Machine vision allows real-time monitoring and control of low concentration APIs

Machine vision-based concentration determination enabled the accurate real-time monitoring and control of continuous powder blending.

Photo of a glowing red machine vision camera in an advanced industry production line - idea of process analytical technologies (PAT)

Researchers have developed a machine vision Process Analytical Technology (PAT) tool to reliably analyse continuous powder blending with active pharmaceutical ingredient (API) concentrations below 0.2 percent w/w.

Using PAT to monitor continuous powder blending allows scientists to not only examine the homogeneity of the produced blends, but also construct residence time distribution (RTD) models that provide information about the behaviour of the material inside the blender.

According to Galata et al., who published their paper in the Journal of Pharmaceutical and Biomedical Analysis, despite advances in PAT, there is a scarcity of sensors capable of measuring API concentrations in the sub two percent w/w range in real time during continuous powder blending. They added that the limit of detection is further confounded if the API has an intense colour.

In their study, the researchers set out to develop a machine vision-based method to accurately measure concentrations of coloured APIs below 0.5 percent w/w. The overall aim was to use the machine vision-based method for feedback control, thus creating a Process Analytically Controlled Technology (PACT). They utilised riboflavin as a model API due to its orange colour.

The machine vision-based PAT was found to have a limit of detection of 0.015 percent w/w, with a limit of quantification of 0.046 percent w/w using a calibration based on the pixel value of images.

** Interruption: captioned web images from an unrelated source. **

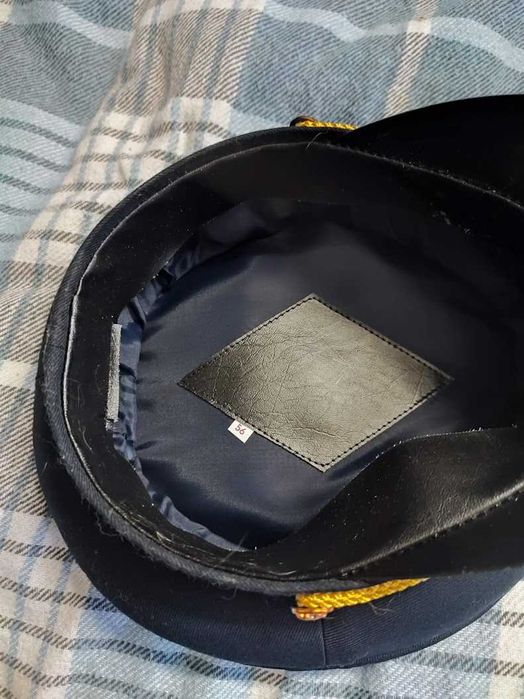 Головний убір від форми Національного авіаціійного університету (НАУ)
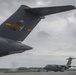 JB Charleston C-17s weather Hurricane Florence at Dover AFB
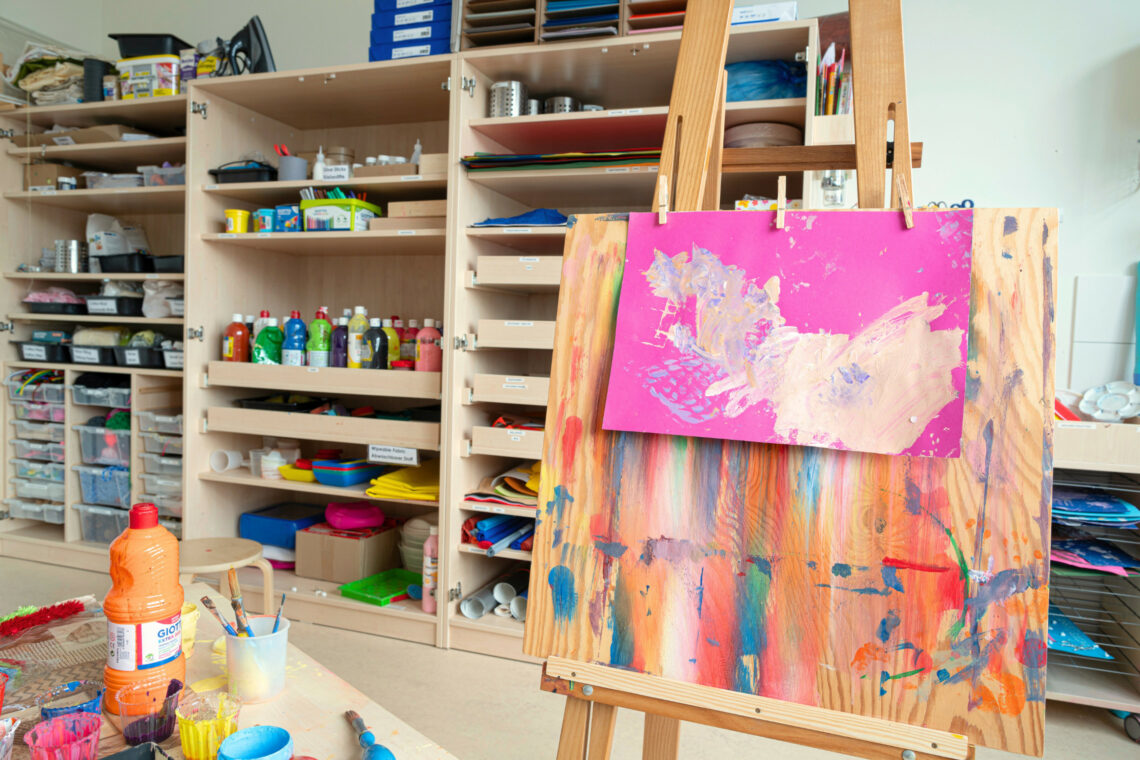 Blütezeit Bildungshaus der Frühkindlichkeit - bilingualer KinderGarten & FamilienGarten in Berlin Steglitz – Bild 6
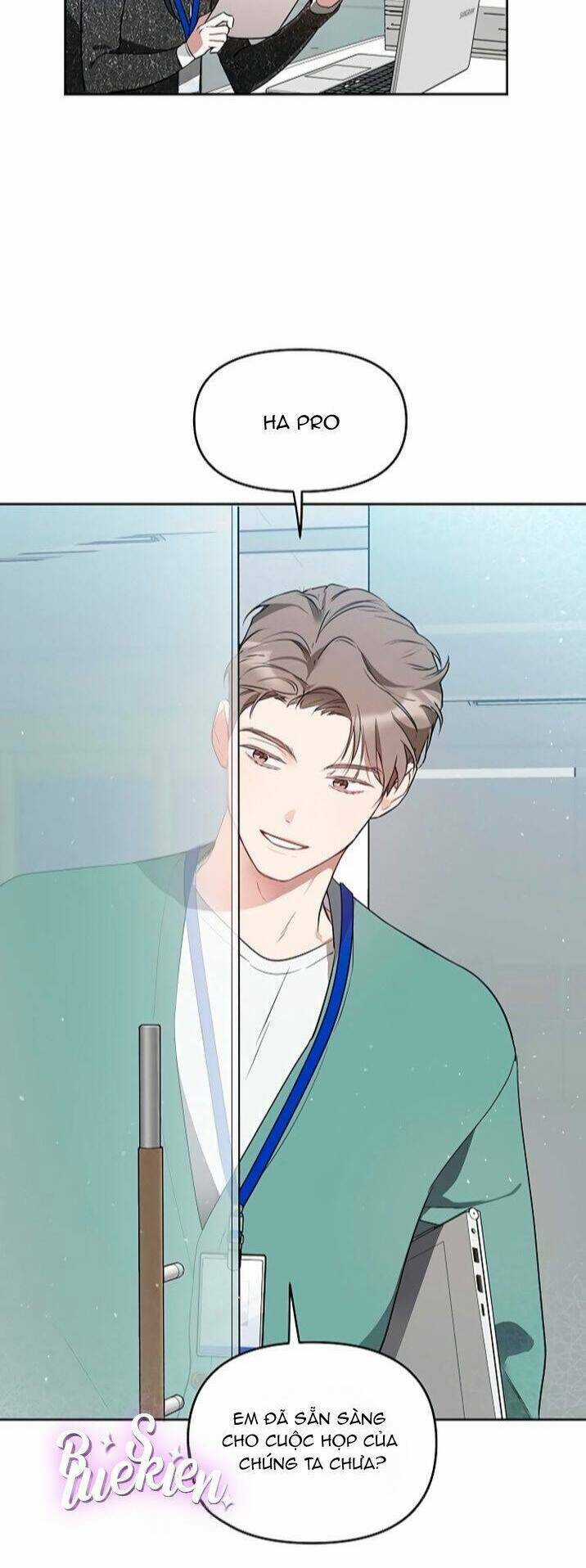 Công Việc Bất Thường Chapter 17 trang 39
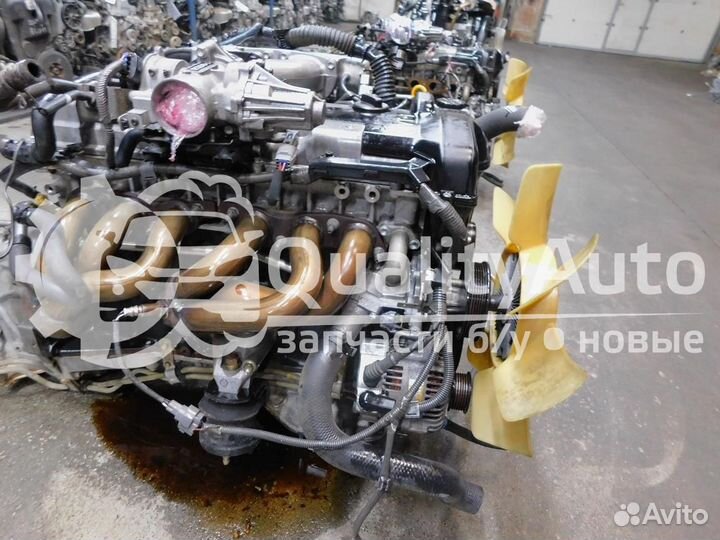 Свап комплект Двигатель 2.5 л 1JZ GE Toyota Crown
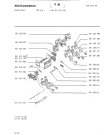Схема №1 724V-W с изображением Тэн для электропечи Aeg 8996612565037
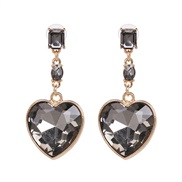 UR love earring Alloy...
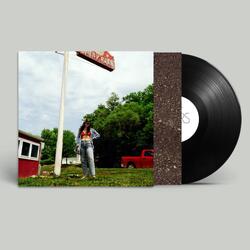 Waxahatchee Tigers Blood BLACK VINYL LP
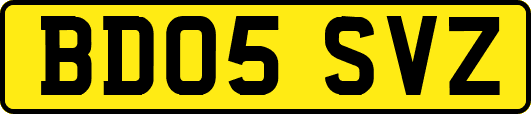 BD05SVZ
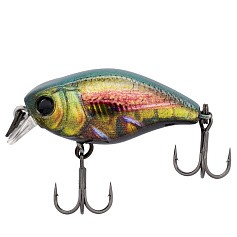 Воблер Jackall Micro Chubby 30F RT Metallic Fly 2 гр — цена и наличие в каталоге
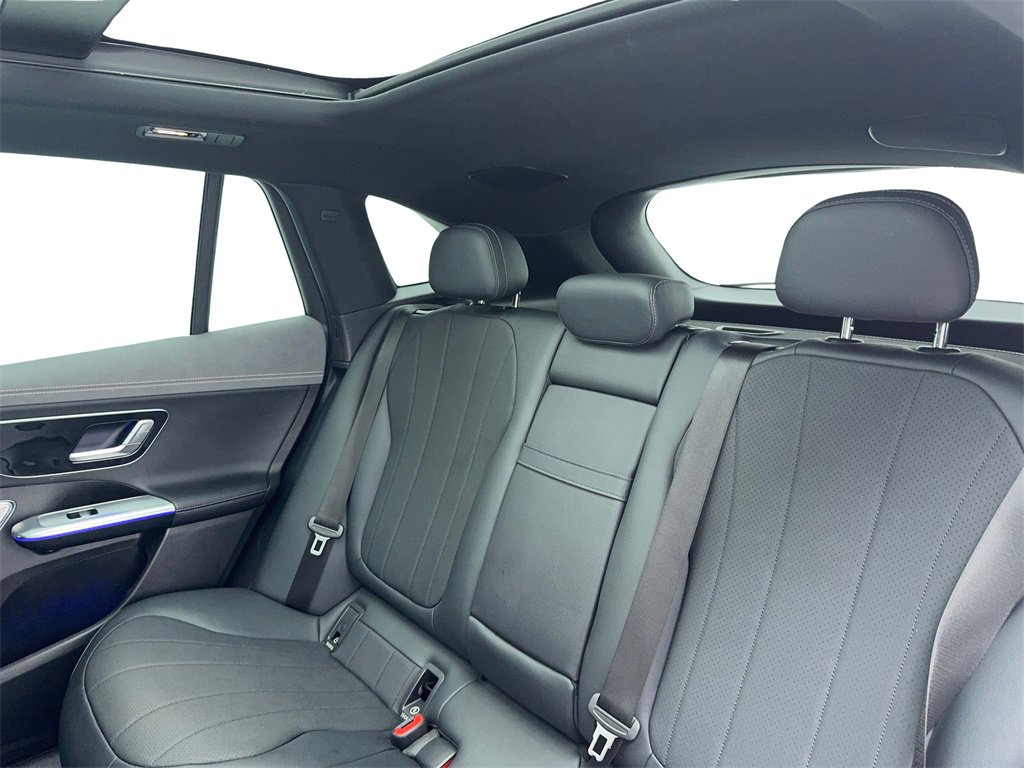 Used 2024 Mercedes-Benz EQE 350+ SUV w/ AMG Line Exterior Package image 43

In the study, they performed in-line measurement of riboflavin concentrations in the range of 0.2−0.45 percent w/w. These were validated with ultraviolet-visible (UV/Vis) spectrometry, which proved the machine learning-based PAT had great accuracy and a relative error of 2.53 percent. From this Galata et al. concluded that the technique could be reliably used for the monitoring of blending processes.

Additionally, they demonstrated that the machine vision system can be used for RTD measurement and, with a PI controller, provide real time information for feedback control, “essentially realising an application of PACT”.

The researchers concluded: “Machine vision based direct or indirect API concentration determination is a promising and fast method with a great potential for monitoring and control of continuous pharmaceutical processes.” Adding that the machine vision-based concentration determination tool they developed should be applicable in most cases when the API is coloured and could be of particular benefit when API concentration is too low for direct quantification by near infrared (NIR), Raman or other well-established techniques, or where the material is moving too fast for spectroscopical measurement.